• [WORK INSTRUCTION]:
Reproduce the listing below from the line with "有关于赴一场春茶之约 镇沅老乌山春茶开采节等你来踏青品茶的相关信息" to the line with "Model Release: no", both lines included, character for character, minus any pictures.

• [SOURCE DATA]:
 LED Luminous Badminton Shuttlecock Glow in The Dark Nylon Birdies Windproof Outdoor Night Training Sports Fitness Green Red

---

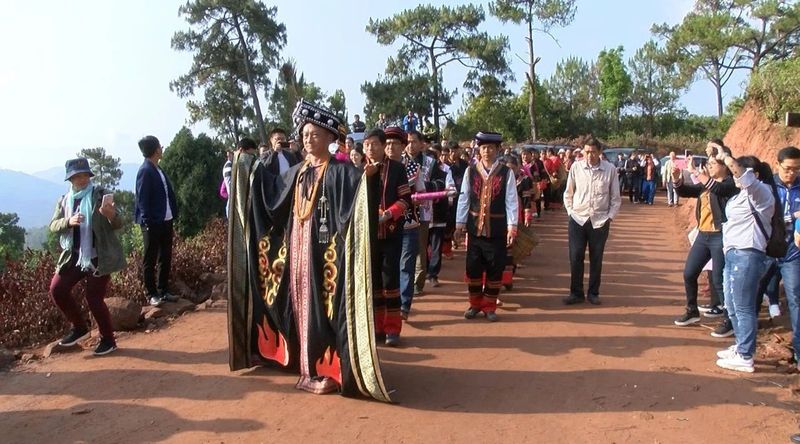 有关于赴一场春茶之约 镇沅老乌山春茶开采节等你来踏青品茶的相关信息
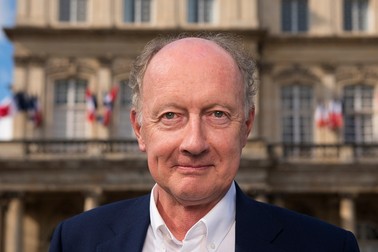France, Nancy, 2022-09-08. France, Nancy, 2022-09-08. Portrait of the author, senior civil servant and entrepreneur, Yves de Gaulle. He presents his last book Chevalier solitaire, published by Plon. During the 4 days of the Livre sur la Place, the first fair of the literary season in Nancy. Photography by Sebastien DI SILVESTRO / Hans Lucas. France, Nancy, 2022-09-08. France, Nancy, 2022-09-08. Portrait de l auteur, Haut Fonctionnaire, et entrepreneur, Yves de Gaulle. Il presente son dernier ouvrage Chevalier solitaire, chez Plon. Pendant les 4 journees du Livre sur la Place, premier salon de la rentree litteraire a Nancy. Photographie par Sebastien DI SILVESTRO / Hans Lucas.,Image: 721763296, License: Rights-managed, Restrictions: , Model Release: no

• [EXERCISE ANSWER]:
 有关于赴一场春茶之约 镇沅老乌山春茶开采节等你来踏青品茶的相关信息
France, Nancy, 2022-09-08. France, Nancy, 2022-09-08. Portrait of the author, senior civil servant and entrepreneur, Yves de Gaulle. He presents his last book Chevalier solitaire, published by Plon. During the 4 days of the Livre sur la Place, the first fair of the literary season in Nancy. Photography by Sebastien DI SILVESTRO / Hans Lucas. France, Nancy, 2022-09-08. France, Nancy, 2022-09-08. Portrait de l auteur, Haut Fonctionnaire, et entrepreneur, Yves de Gaulle. Il presente son dernier ouvrage Chevalier solitaire, chez Plon. Pendant les 4 journees du Livre sur la Place, premier salon de la rentree litteraire a Nancy. Photographie par Sebastien DI SILVESTRO / Hans Lucas.,Image: 721763296, License: Rights-managed, Restrictions: , Model Release: no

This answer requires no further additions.